Clifton Snider wrote a very interesting essay entitled "On the Loom of Sorrow": Eros and Logos in Oscar Wilde's Fairy Tales where I found a reference to one of Oscar Wilde's fairy tales, "The Nightingale and the Rose."
The essence of the story is that a young man falls in love with a beautiful young woman, who promises to dance with him all night long if he brings her a red rose. A nightingale hears the bargain and senses that this is the true love of which she sings about night after night, so she offers to procure the red rose for the young man.
Fairy tales usually operate on the rule of three, and Wilde's is no different. The nightingale approaches three different rose bushes: the first bears only white roses, the second, yellow, and while the third bush is indeed a red rose tree, because of a harsh winter, it can produce no flowers.
However, all is not lost.
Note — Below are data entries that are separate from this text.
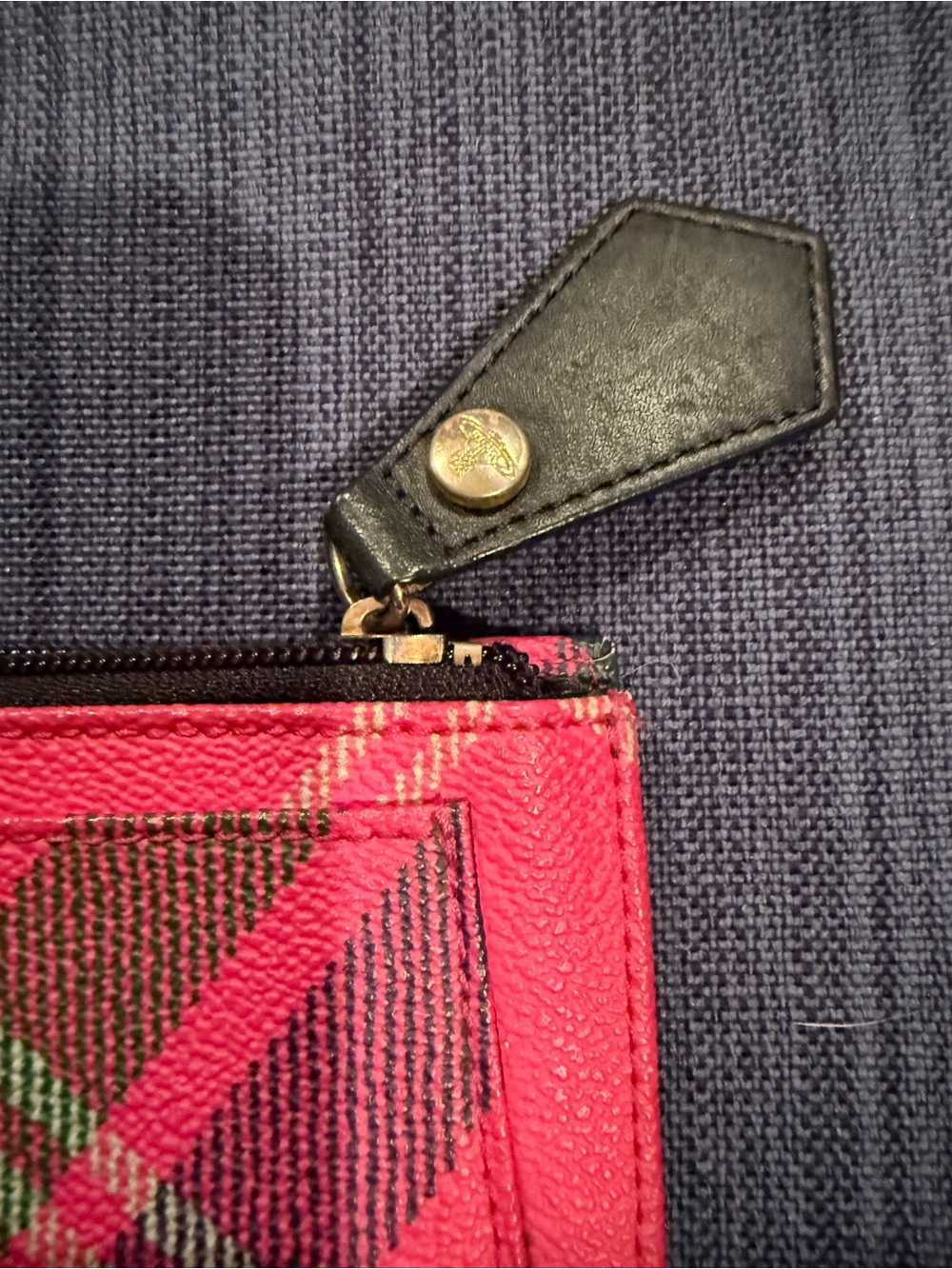 Vivienne Westwood Plaid Derby Wallet - Picture 3 of 7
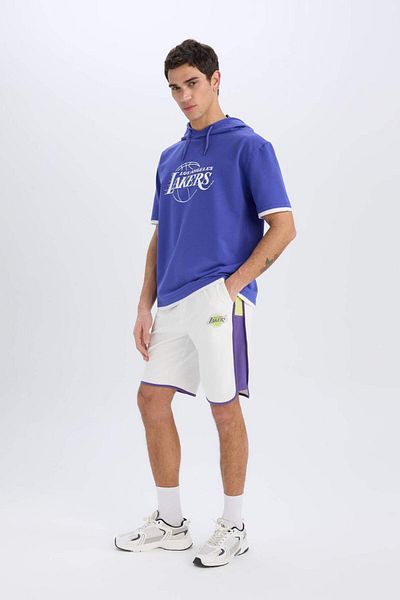 DeFacto Defactofit Nba Los Angeles Lakers Cotton Combed Shorts W9811Az22Sm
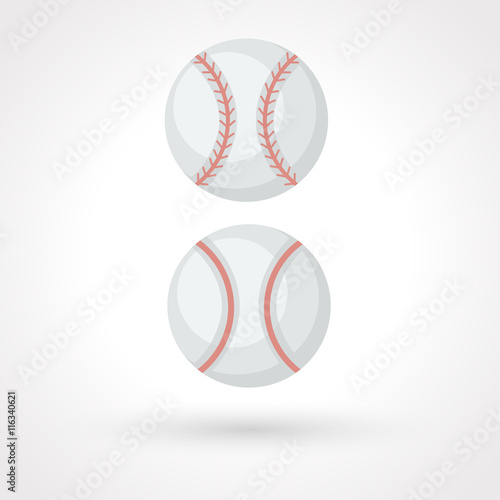 Baseball ball icon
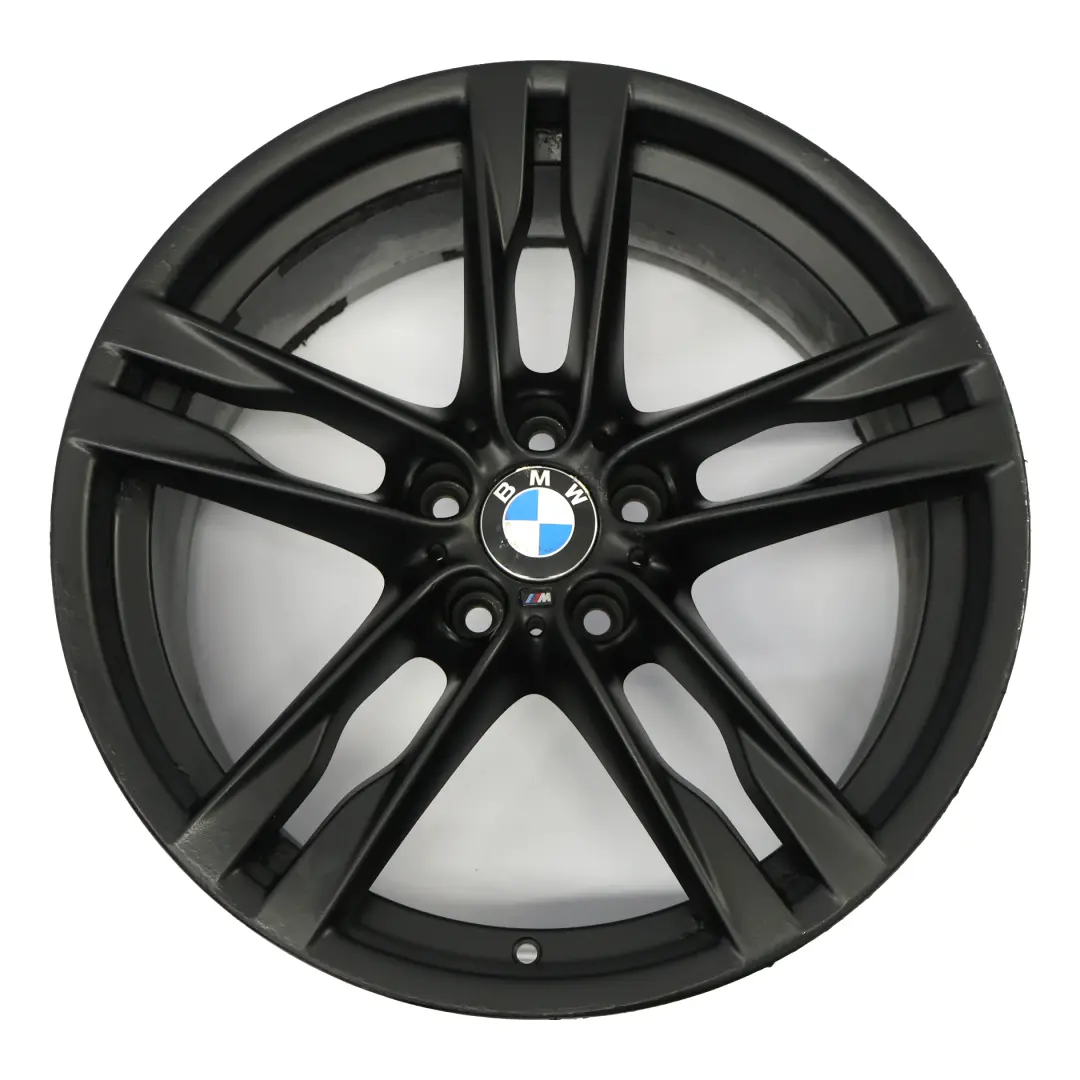 Cerchio anteriore nero in lega 20" ET:33 8.5J M Doppie razze 373 per BMW F06 con numero di parte 7843715 BMW F06 Cerchio anteriore nero in lega 20" ET:33 8.5J M Doppie razze 373 - SKU 7843715-1 - Numero di parte 7843715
The rose bush tells the nightingale that a red rose can be created.
If you want a red rose [...] you must build it out of music by moonlight, and stain it with your own heart's blood. You must sing to me with your breast against a thorn. All night long you must sing to me and the thorn must pierce your heart, and your life-blood must flow into my veins, and become mine.
I loved the imagery of Wilde's fairy tale and kept this passage by me while I wrote the climax of Garden in Umber.